I procrastinated about getting a new license once I moved. But, then my car insurance company wrote, admonishing me for still having a California one - in fact it was a bit more dire than "admonish me," I guess if I got in a car accident here my insurance could be invalid because I needed to show I was an Illinoian.
I was afraid of the test. One is required to take a written test and then, if you don't pass it, you not only have to repeat the written exam, but you could be asked to take a driving test, too! And although I'm a good driver it all just scares me because I think they try to get you to fail by making everything so convoluted.
I had fears at night. True or false? A, B, C, or all of the above or none of the above? These words danced above my head as I tried to go to sleep.
Plus, these kinds of questions can get me pondering for hours. Multiple choice questions that are not clear and obvious can become existential jumping-off-points for me.
I got the pamphlet you're supposed to study and came home and promptly lost it. I asked Nadia (who babysits and lives in an apartment in back of our house) to pick up another one, and she did. I promptly lost that! I couldn't get myself to really even open the pages of the pamphlet. Just thinking about it made me want to lie down in the fetal position.
So, yesterday, I set out to get my driver's license, GODDAMNIT!

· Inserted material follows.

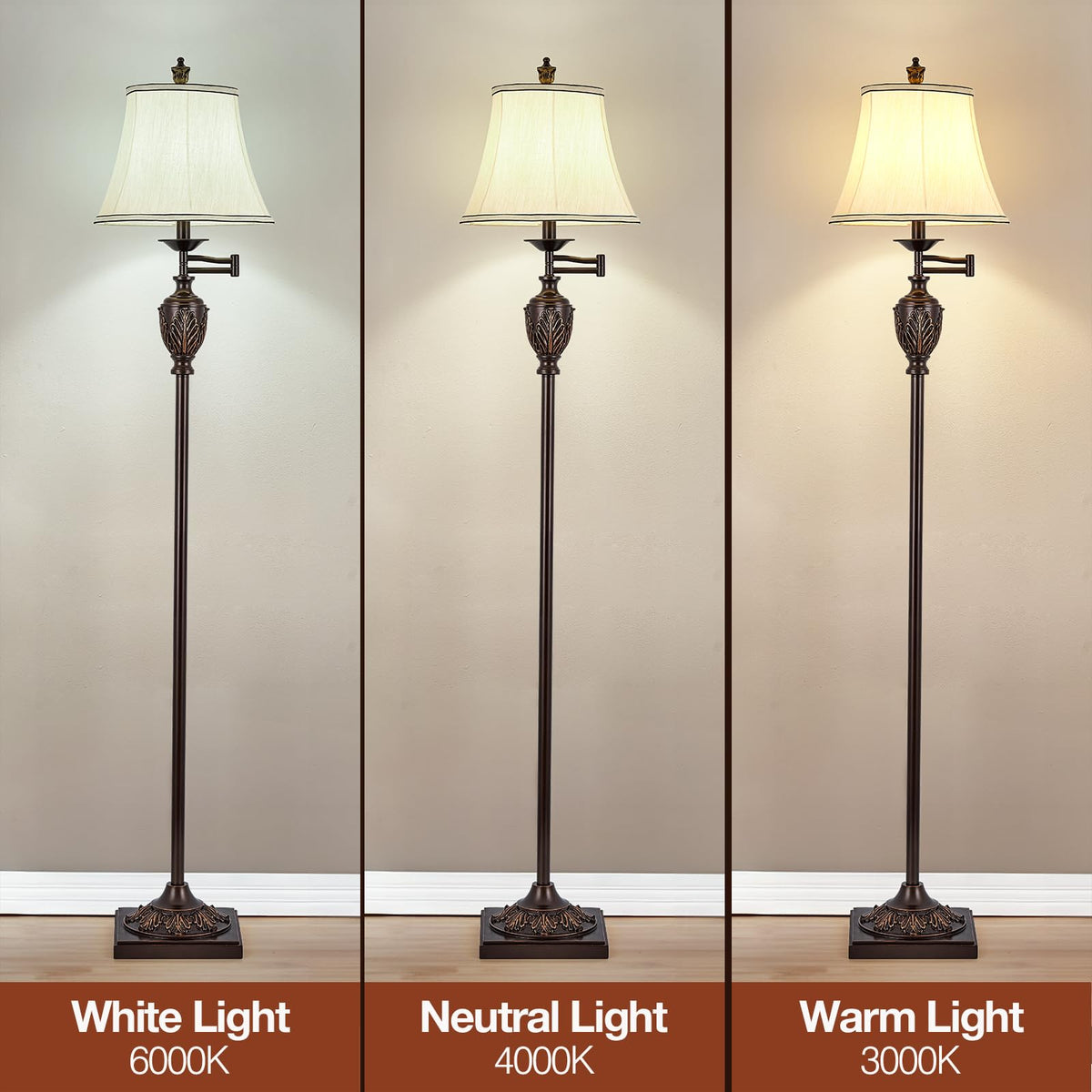 AIDENOEY floor lamp swivel arm demonstrates flexible lighting for reading and tasks.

I went into the DMV, got the little book and sat down, right there, for two hours - from 9 to nearly 11. I read every word of the book. I took the test questions at the end of each chapter of the study-booklet. I corrected my test questions and I had missed only four out of fifty or so. I reviewed. A DMV worker teased me gently for sitting so long. Another one recognized me and came up to say she enjoyed my "work." Oh god, the pressure was on. Work? This is my work!
I watched many others come in and take the test. Many of them failed. You can only get 7 wrong out of over 50 questions. You have to wait a week to come back to take it again. Oh god, oh lord in heaven.
I finally took the test. I wanted to write "JMJ" on top of the test, which is what I put on top of every school paper and test I turned in, in my Catholic grade school. It stands for Jesus, Mary & Joseph.
The questions seemed much - well, I won't say "harder" than the booklet. I would say more confusing. For example the law states that if you're under 18 you cannot have any more other people in the car you're driving than one, except if it's a sibling or if you have special permission from the Secretary of State of Illinois. How do you answer this question: how many people can a person under 18 have in the car under any and all circumstances? One, Two, Three? There is no answer "It depends." This is the kind of question that can have me sitting there for twenty minutes.
I passed the test. I was overjoyed. And then I remembered, I had to get a new picture. I didn't have lipstick with me. OH SHIT.
They took away my California license. I was so sad. They handed me back a license that had a picture of an older gray haired lady with a thick neck and a badly fitting sweater. I got a lump in my throat. I felt I was trading in my youth and getting an official You're Old card.
Of all the things: getting married, moving here, turning 50, none of those things phased me at all that much. But this license... turning in my old brunette California girl self and receiving my matronly midwest membership card, dear Jesus, Mary & Joseph, it turns out I am vain after all!!!!!!!!!!!!!!!!